Il y a cinquante ans, une majorité de foyers américains abritait un ensemble de chimie d’amateur, un chemistry set. C’était non seulement un jouet éducatif, qu’il était de bon ton d’acheter à ses enfants, mais également un présent dont raffolait les jeunes garçons. (Ces kits étaient tellement populaires que certains étaient dédiés aux jeunes filles, à qui l’on promettait de devenir, non pas des chimistes, mais des techniciennes de laboratoire !) Je me rappelle d’ailleurs avec nostalgie les trousses scientifiques que j’ai reçu à l’époque : un ensemble de chimie comprenait une trentaine de produits et composés chimiques (poudre de borax, chlorure de cobalt, sel d’Edsom, etc.) tandis qu’un autre comprenait un microscope nous permettant de voir les diatomées et rotifères.

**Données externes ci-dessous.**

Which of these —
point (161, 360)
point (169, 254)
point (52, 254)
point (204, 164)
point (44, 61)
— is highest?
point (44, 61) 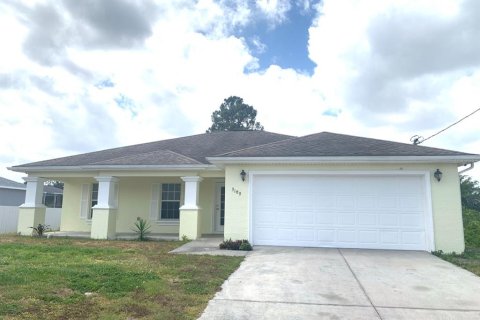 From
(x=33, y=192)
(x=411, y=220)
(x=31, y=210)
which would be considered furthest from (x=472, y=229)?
(x=33, y=192)

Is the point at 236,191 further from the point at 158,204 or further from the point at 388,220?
the point at 158,204

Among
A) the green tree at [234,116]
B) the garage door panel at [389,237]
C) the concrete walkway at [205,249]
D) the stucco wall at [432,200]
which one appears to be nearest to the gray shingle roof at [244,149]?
the stucco wall at [432,200]

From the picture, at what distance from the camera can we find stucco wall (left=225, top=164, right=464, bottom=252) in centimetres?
1024

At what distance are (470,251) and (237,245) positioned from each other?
7019 mm

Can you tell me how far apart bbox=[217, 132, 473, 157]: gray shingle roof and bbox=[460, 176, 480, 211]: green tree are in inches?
622

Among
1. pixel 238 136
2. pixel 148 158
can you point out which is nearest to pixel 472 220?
pixel 238 136

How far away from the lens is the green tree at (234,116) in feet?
154

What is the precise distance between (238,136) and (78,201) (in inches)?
337

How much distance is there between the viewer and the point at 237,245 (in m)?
10.6

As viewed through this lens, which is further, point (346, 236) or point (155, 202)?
point (155, 202)

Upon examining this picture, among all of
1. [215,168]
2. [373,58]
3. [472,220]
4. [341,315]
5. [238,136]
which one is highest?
[373,58]

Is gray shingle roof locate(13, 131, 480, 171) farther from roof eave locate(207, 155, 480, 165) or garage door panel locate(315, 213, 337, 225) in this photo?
garage door panel locate(315, 213, 337, 225)

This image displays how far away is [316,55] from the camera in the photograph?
15000 millimetres

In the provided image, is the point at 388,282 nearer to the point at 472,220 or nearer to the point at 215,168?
the point at 215,168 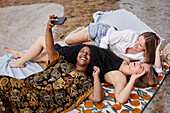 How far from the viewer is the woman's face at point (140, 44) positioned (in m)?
2.17

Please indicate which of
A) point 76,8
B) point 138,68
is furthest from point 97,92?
point 76,8

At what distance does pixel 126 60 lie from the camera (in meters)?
2.15

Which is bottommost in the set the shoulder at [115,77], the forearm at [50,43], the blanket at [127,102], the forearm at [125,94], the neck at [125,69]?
the blanket at [127,102]

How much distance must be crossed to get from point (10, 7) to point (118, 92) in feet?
10.7

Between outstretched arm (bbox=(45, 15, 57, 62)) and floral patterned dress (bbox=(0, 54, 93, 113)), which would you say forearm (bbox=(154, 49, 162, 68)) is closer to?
floral patterned dress (bbox=(0, 54, 93, 113))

Les trousses de chimie sont bien différentes aujourd’hui de celles du passé. D’abord, elles sont fort peu nombreuses, comparées au grand nombre d’ensembles que l’on pouvait trouver sur le marché dans les années 1950 et 1960. Mais, surtout, leur contenu a drastiquement changé. En effet, elles ne contiennent que peu de réels composés chimiques. Les produits « chimiques » fournis ne sont souvent que des trucs très ordinaires que l’on retrouve dans toutes les armoires de cuisine, par exemple de la levure, de la gomme de guar, du vinaigre et du bicarbonate de soude. Les fabricants, craignant les poursuites en responsabilité et les règlements sur les produits dangereux, ont retiré de ces équipements toute substance susceptible de provoquer des accidents potentiels. Les expériences scientifiques proposées sont également bien différentes ; par exemple, on propose aux jeunes de créer du faux vomi et des bombes puantes ! Les noms de ces ensembles sont d’ailleurs parlants : Weird Science Let's Get Gross et Spa Science.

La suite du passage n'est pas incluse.